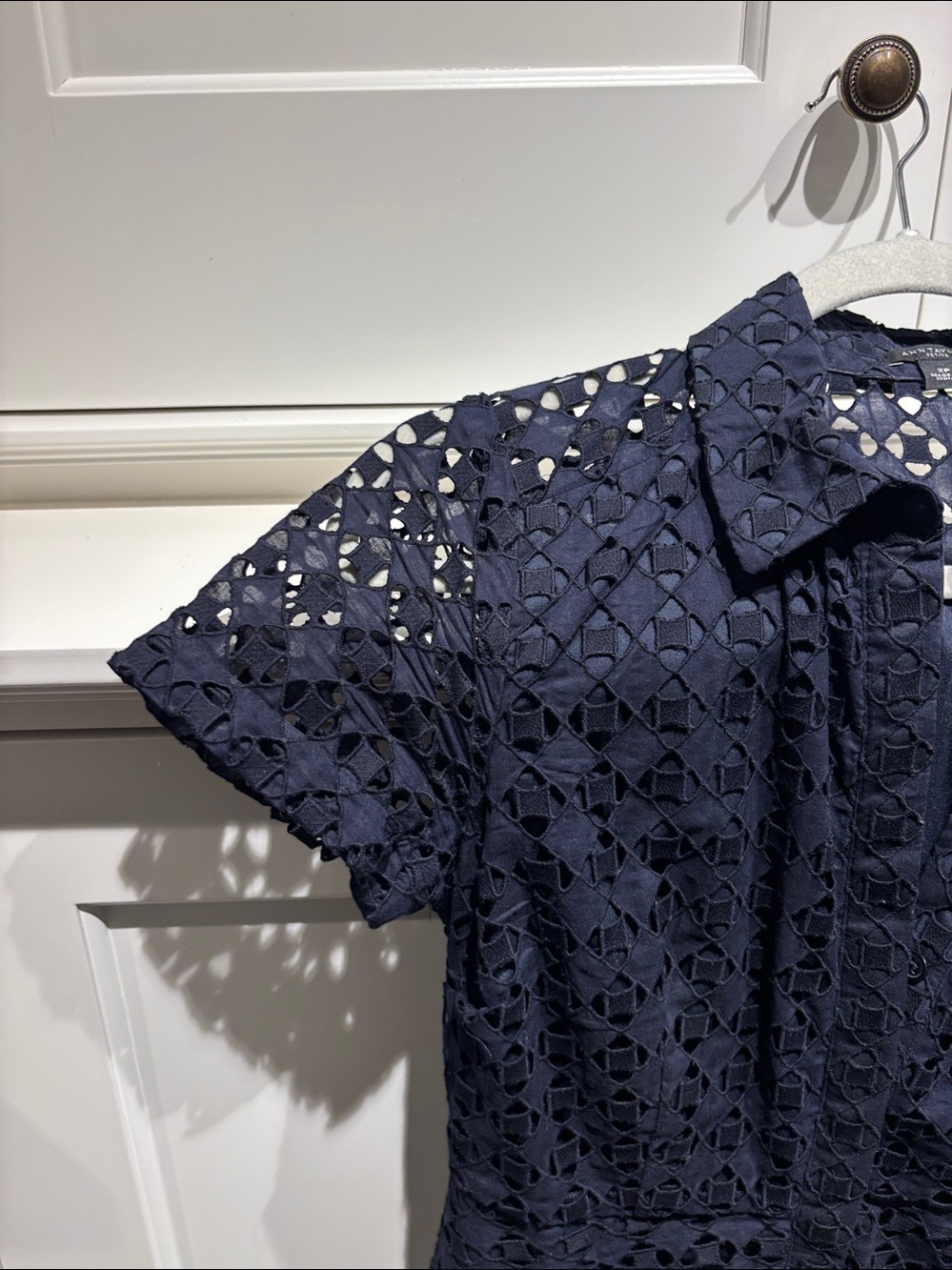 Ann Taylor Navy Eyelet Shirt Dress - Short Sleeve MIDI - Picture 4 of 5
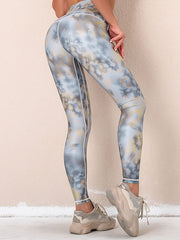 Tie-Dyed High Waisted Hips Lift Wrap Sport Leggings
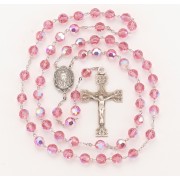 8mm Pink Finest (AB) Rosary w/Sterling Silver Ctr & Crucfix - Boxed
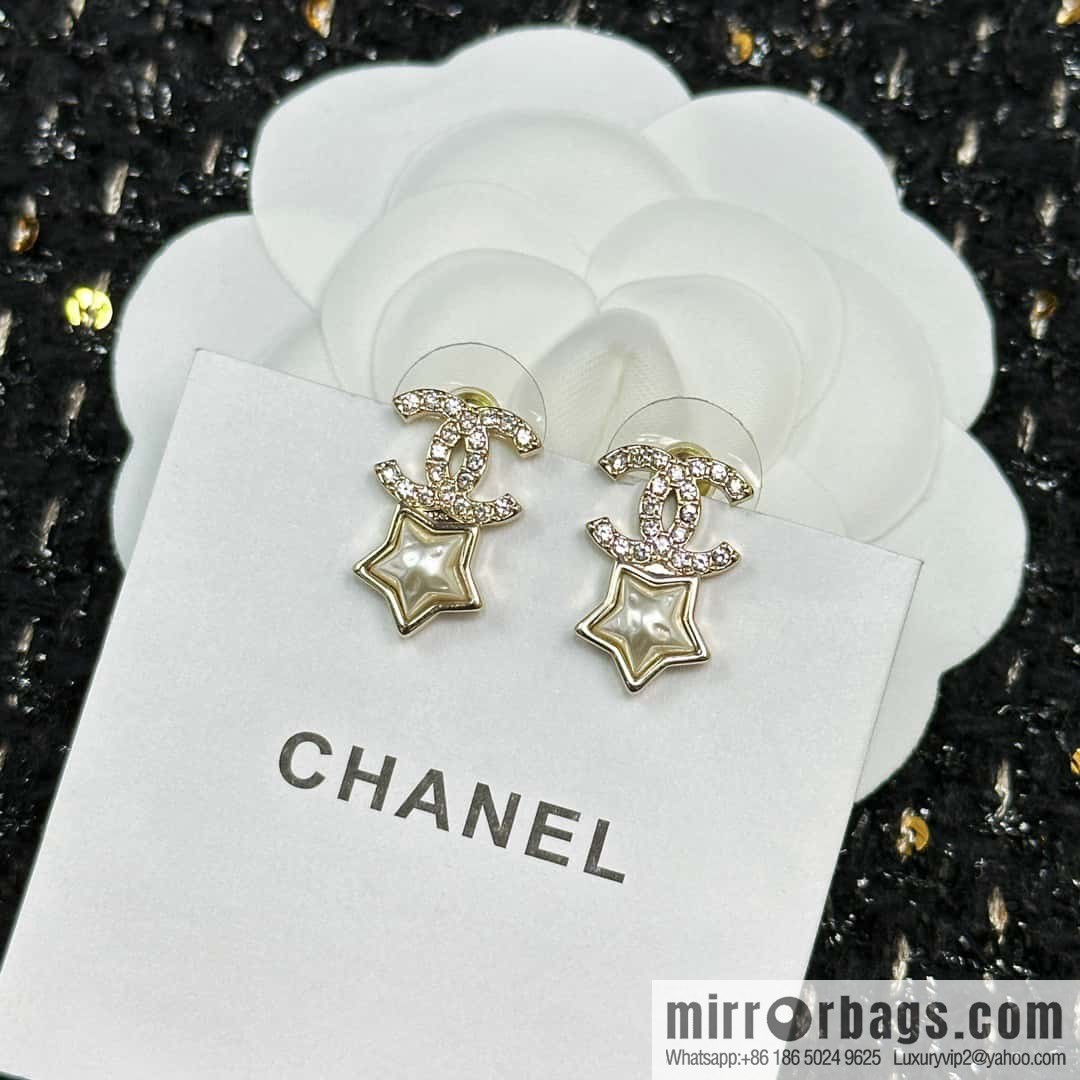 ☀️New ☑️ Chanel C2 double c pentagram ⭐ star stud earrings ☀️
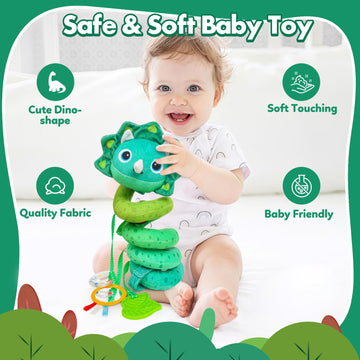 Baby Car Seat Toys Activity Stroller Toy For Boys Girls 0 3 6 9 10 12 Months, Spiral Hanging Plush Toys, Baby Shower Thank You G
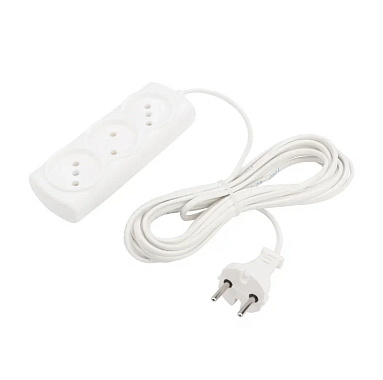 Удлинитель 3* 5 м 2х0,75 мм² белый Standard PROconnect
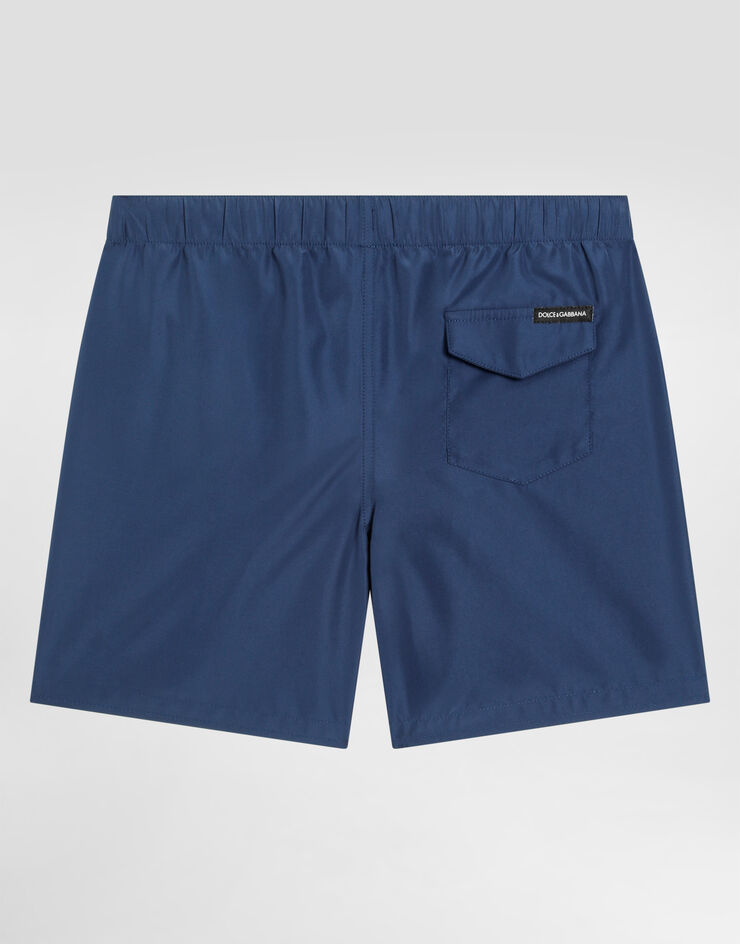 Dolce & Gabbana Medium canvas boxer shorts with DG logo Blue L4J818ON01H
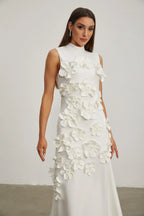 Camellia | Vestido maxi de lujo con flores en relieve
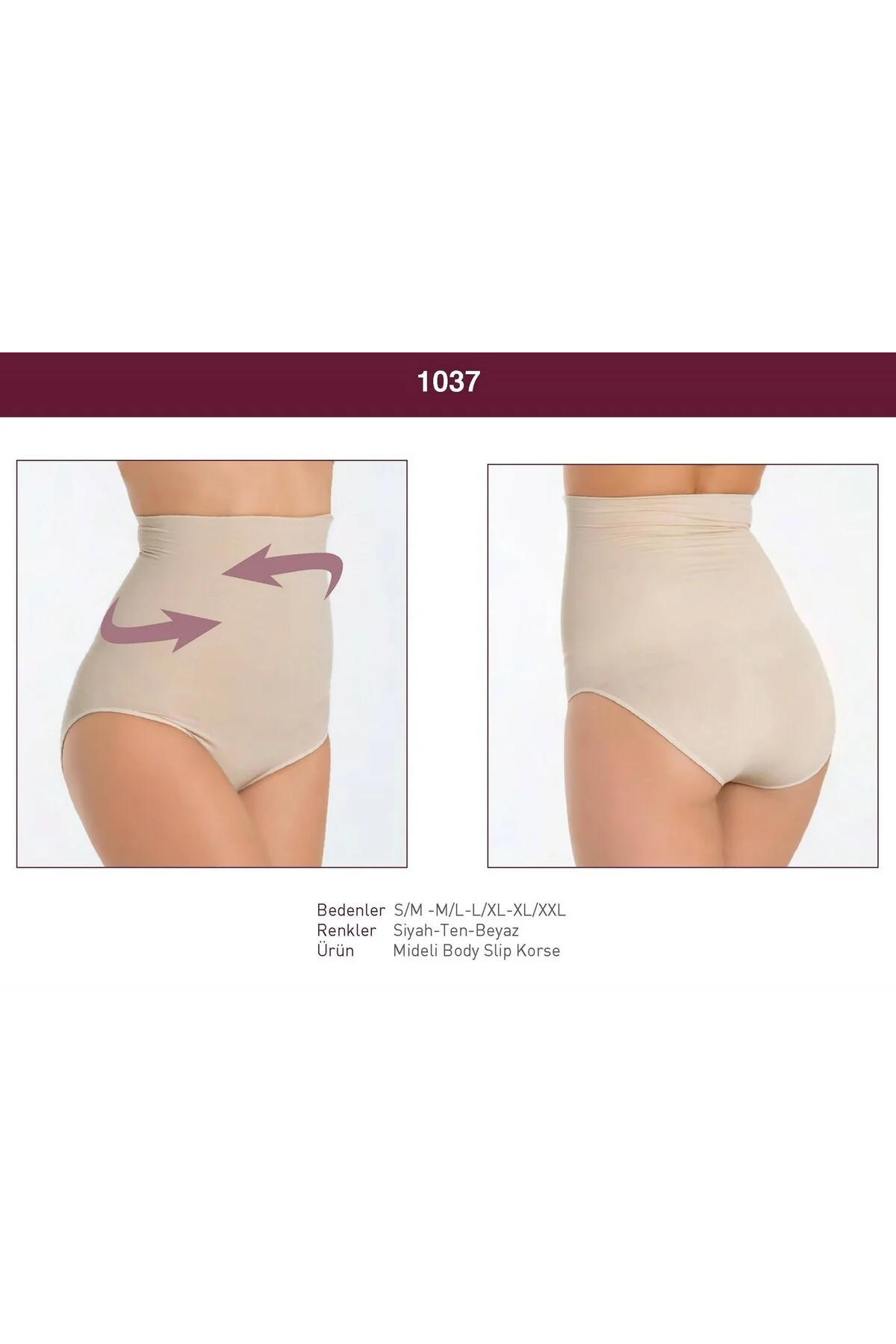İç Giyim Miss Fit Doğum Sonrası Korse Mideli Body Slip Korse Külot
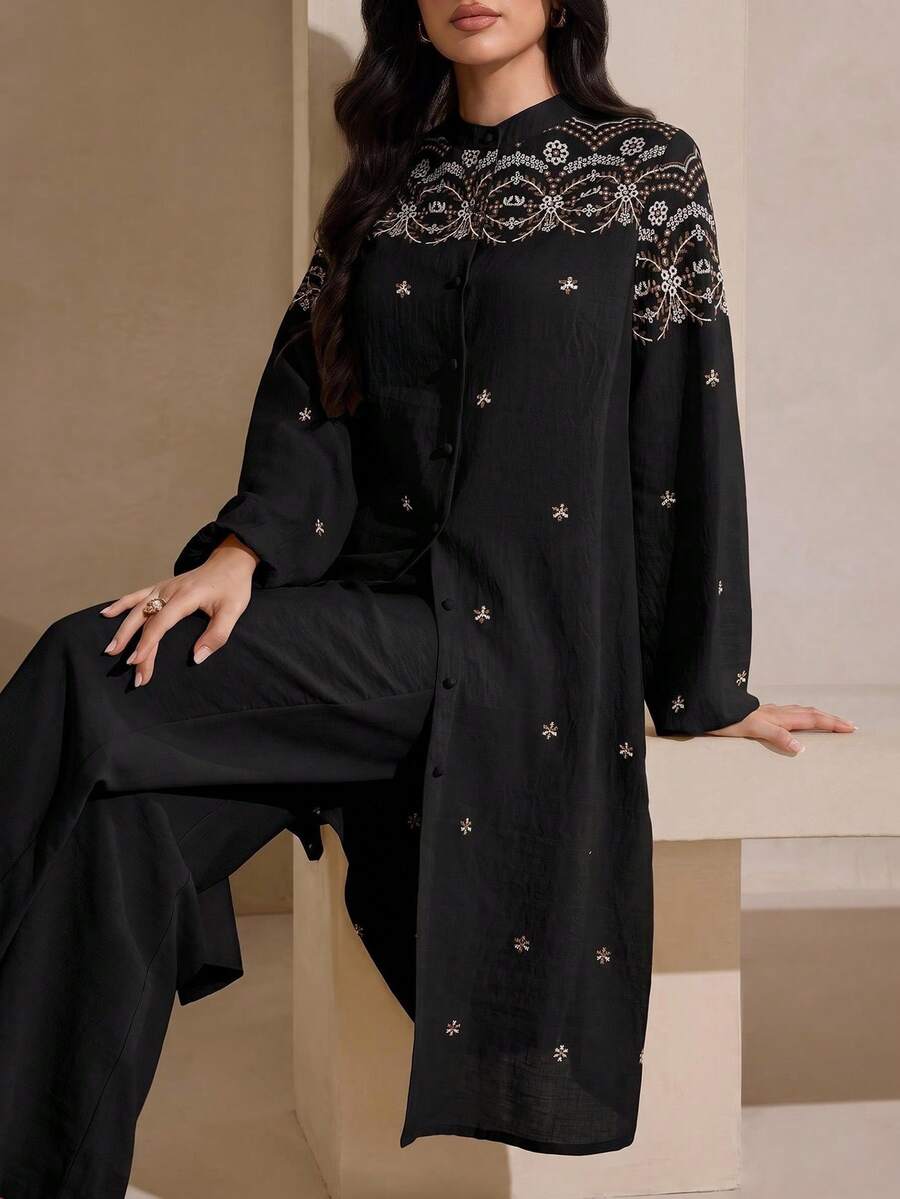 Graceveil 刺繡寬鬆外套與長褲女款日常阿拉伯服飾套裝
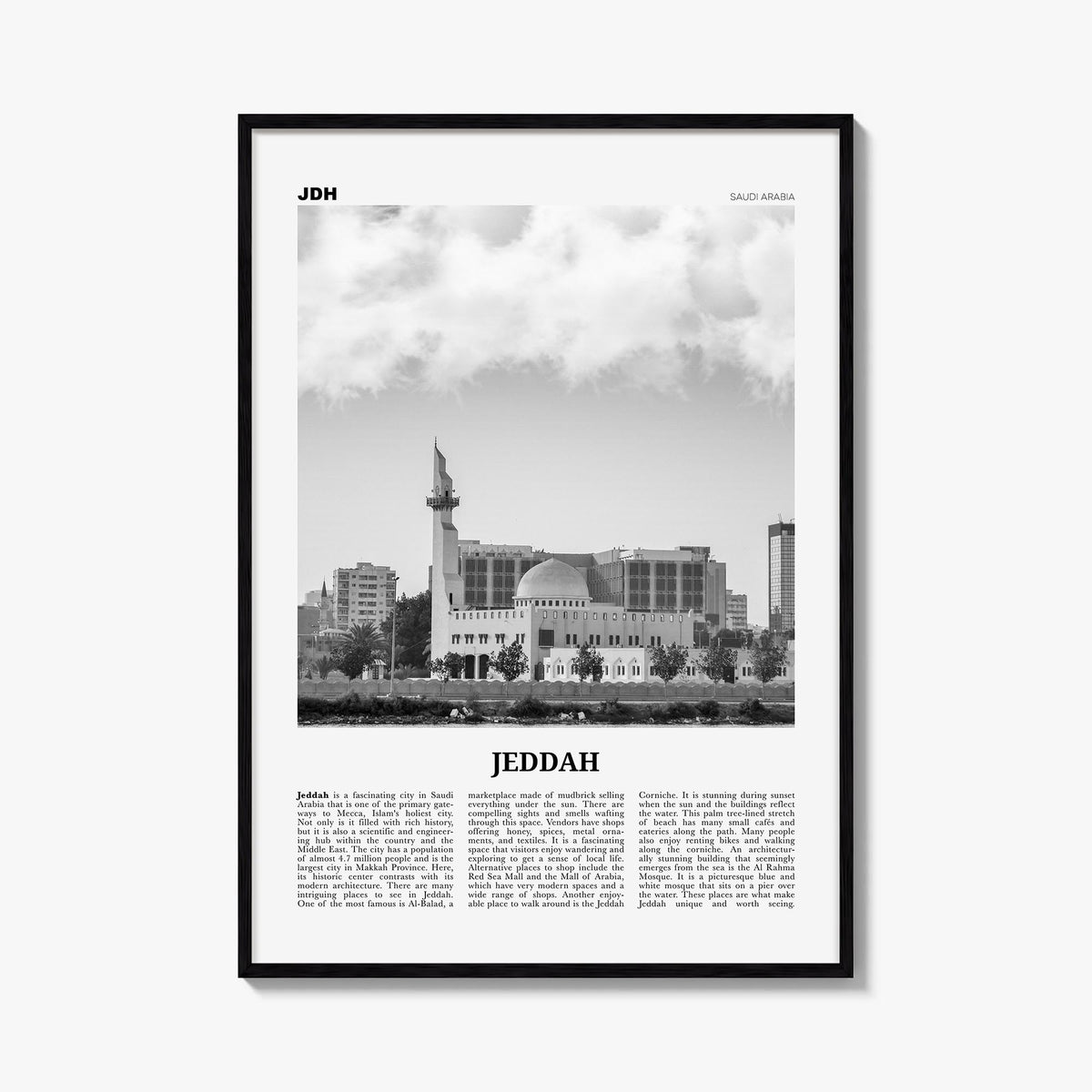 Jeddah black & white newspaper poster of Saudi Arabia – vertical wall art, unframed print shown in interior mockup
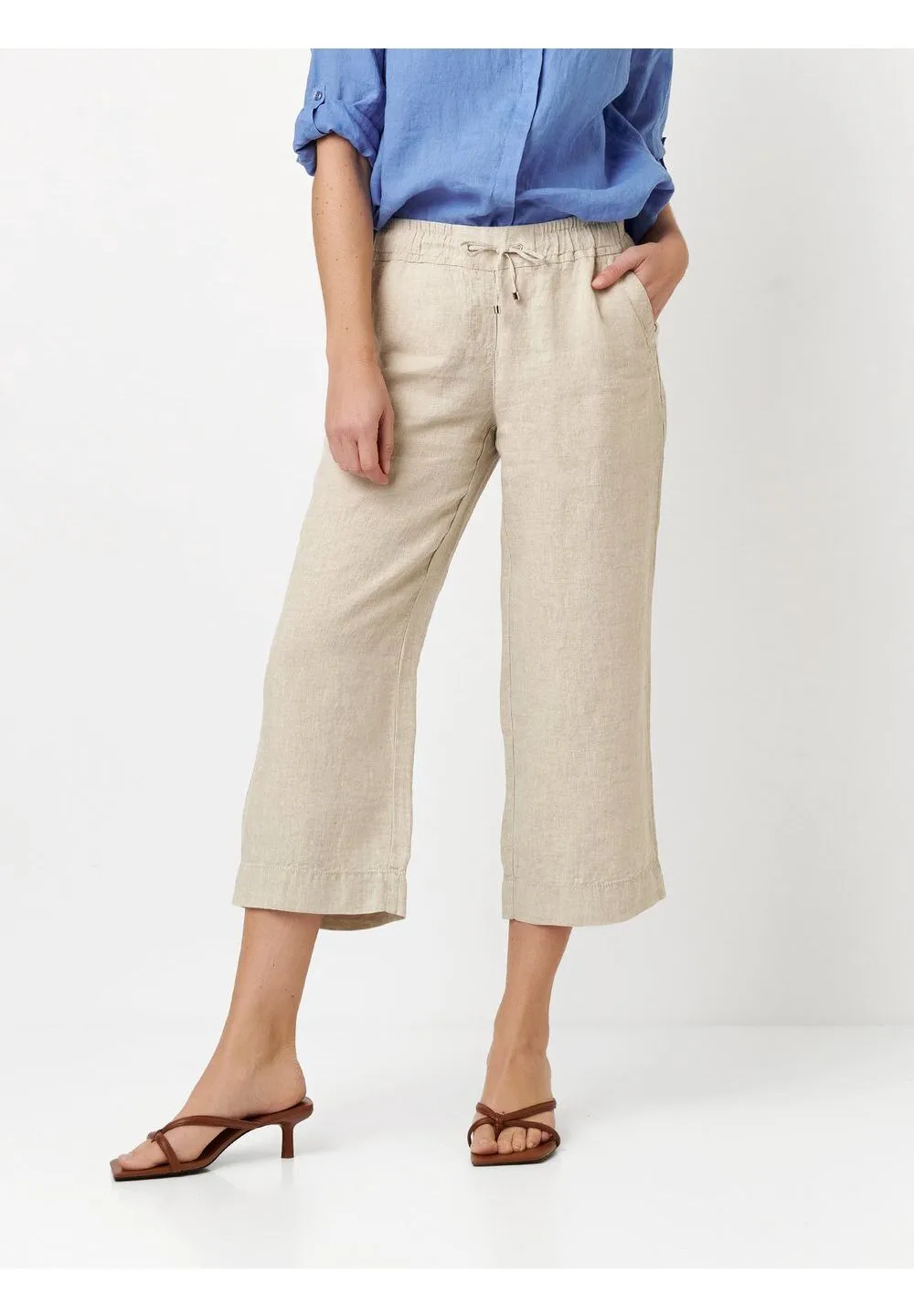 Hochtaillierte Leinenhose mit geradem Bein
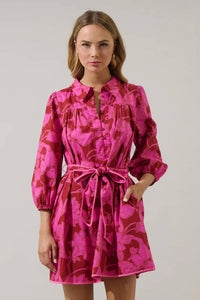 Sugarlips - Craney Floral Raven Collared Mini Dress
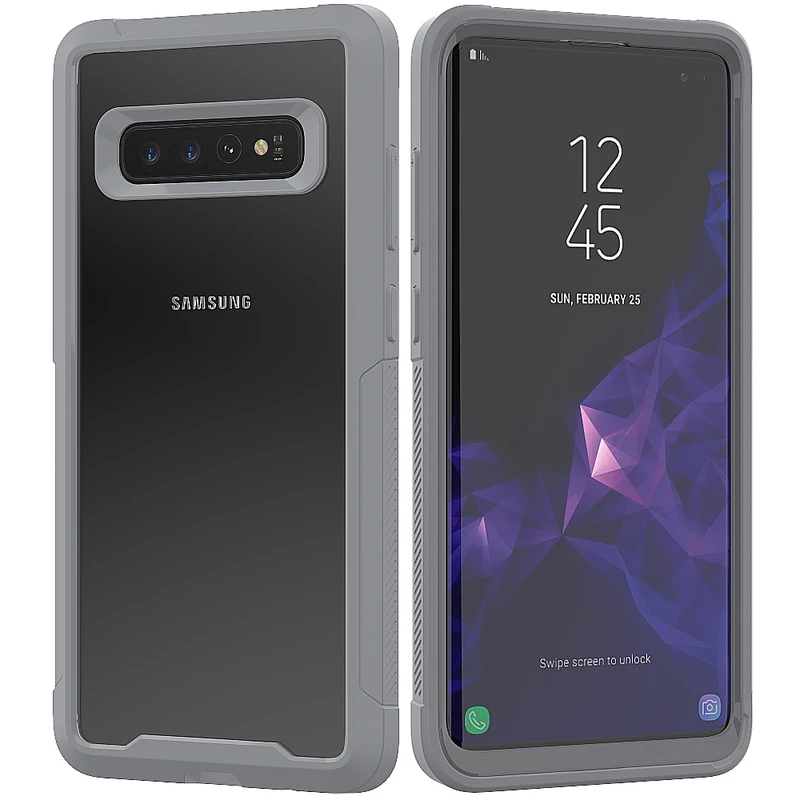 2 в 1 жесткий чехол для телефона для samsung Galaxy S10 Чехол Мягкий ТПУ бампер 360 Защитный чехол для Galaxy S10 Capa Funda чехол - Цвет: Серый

*ACTION ITEM*.
The reply must match the records exactly, apart from the pictures, which are left out.

*EXERCISE RESPONSE*.
 Ann Taylor Navy Eyelet Shirt Dress - Short Sleeve MIDI - Picture 4 of 5
 Tie-Dyed High Waisted Hips Lift Wrap Sport Leggings
 8mm Pink Finest (AB) Rosary w/Sterling Silver Ctr & Crucfix - Boxed
 ☀️New ☑️ Chanel C2 double c pentagram ⭐ star stud earrings ☀️
 Baby Car Seat Toys Activity Stroller Toy For Boys Girls 0 3 6 9 10 12 Months, Spiral Hanging Plush Toys, Baby Shower Thank You G
 Удлинитель 3* 5 м 2х0,75 мм² белый Standard PROconnect
 Dolce & Gabbana Medium canvas boxer shorts with DG logo Blue L4J818ON01H
 Camellia | Vestido maxi de lujo con flores en relieve
İç Giyim Miss Fit Doğum Sonrası Korse Mideli Body Slip Korse Külot
 Graceveil 刺繡寬鬆外套與長褲女款日常阿拉伯服飾套裝
 Jeddah black & white newspaper poster of Saudi Arabia – vertical wall art, unframed print shown in interior mockup
 Hochtaillierte Leinenhose mit geradem Bein
 Sugarlips - Craney Floral Raven Collared Mini Dress
 2 в 1 жесткий чехол для телефона для samsung Galaxy S10 Чехол Мягкий ТПУ бампер 360 Защитный чехол для Galaxy S10 Capa Funda чехол - Цвет: Серый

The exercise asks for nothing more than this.